Hey, Dude, Where’s Your Car?
An alternating beeping and buzzing jarred me from a sound sleep on a Sunday morning.
Half awake, I tried to place the sound. Were the upstairs neighbors refurbishing their apartment? No, it was not the right sound for a drill. Was the alarm ringing on my cell phone? No, the device was lying silently on the nightstand.
The whirring, beeping sounds were unlike anything that I had ever heard. When they refused to stop, I dragged myself from bed to find out where they were coming from.
I spotted the source on the hallway table in my Moscow apartment: my keychain. It was beeping and vibrating, apparently because my car alarm had been triggered.

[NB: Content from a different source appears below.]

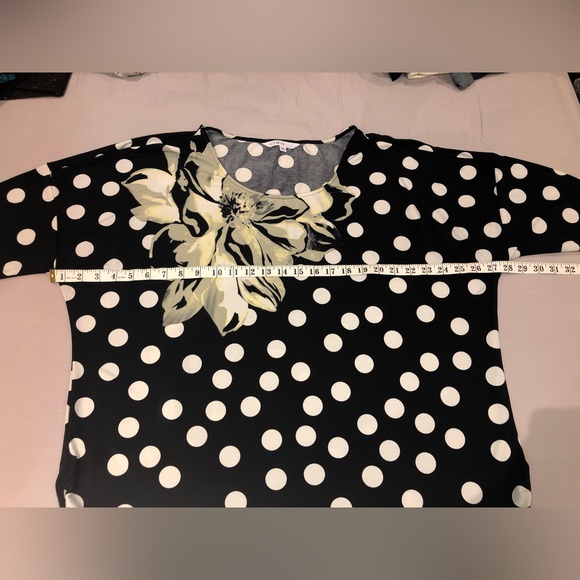 CLEO | Polka Dotted Blouse: XXL - Picture 5 of 16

No one had ever tried to break into my car before, nor had my car ever been hit by another vehicle in the parking lot. But I couldn’t look out the window to see which awful scenario was unfolding. Because of the poor parking situation around my apartment building, I had parked the car out of view of my seventh-floor window.
With a groan I groggily pulled on jeans and a sweatshirt (it took five minutes), called for the elevator and went down (three minutes), and walked toward my car (another five minutes). My keychain persisted in squeaking the whole time. I wondered why it didn’t automatically shut off. I worried about what theft or massive accident would greet my eyes.

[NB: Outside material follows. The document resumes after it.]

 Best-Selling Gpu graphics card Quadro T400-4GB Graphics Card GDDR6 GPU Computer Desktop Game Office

But when I turned the corner of the apartment building two courtyards away, I saw my car all alone in its curbside parking spot, headlights flashing and siren wailing. With bewilderment I headed toward it to see what was wrong.
En route, a white-haired granny, shawl wrapped around her head and shuffling with a cane, stopped me and asked whether the car was mine. When I confirmed that it was, she told me that four groundskeepers had poked at the tires with brooms to purposely set off the alarm. When the alarm had gone silent, they poked at the tires again.
The granny said she had asked them why they were abusing the poor vehicle, and they replied that they were trying to get the attention of the owner. They wanted the car moved immediately so they could finish their work.
In the days before alarm systems, Jesus spoke about the need to be vigilant to prevent theft. “But understand this:” Jesus told His disciples during a private conversation on the Mount of Olives, “If the owner of the house had known at what time of night the thief was coming, he would have kept watch and would not have let his house be broken into” (Matt. 24:43).
Granted, Jesus was underscoring our need to always be ready for the Second Coming.
But the principle He outlines also applies to sin. If I had known at what hour temptation would come, I would have watched and not allowed the devil to break into my house.
It’s easy to forget to watch and pray at all times. So when the devil pokes our tires to tempt us, God sends warnings through our conscience, the remote control. We can ignore the warnings, or we figure out what to do, perhaps by removing ourselves from a situation conducive for sinning.
With a smile I removed my car from the parking spot on that Sunday morning.
In addition to a spiritual lesson, I learned two other things. First, car alarms are not only meant to spook thieves; they are also used by groundskeepers as a way to finish their work more quickly. Second, grannies are the best source of information.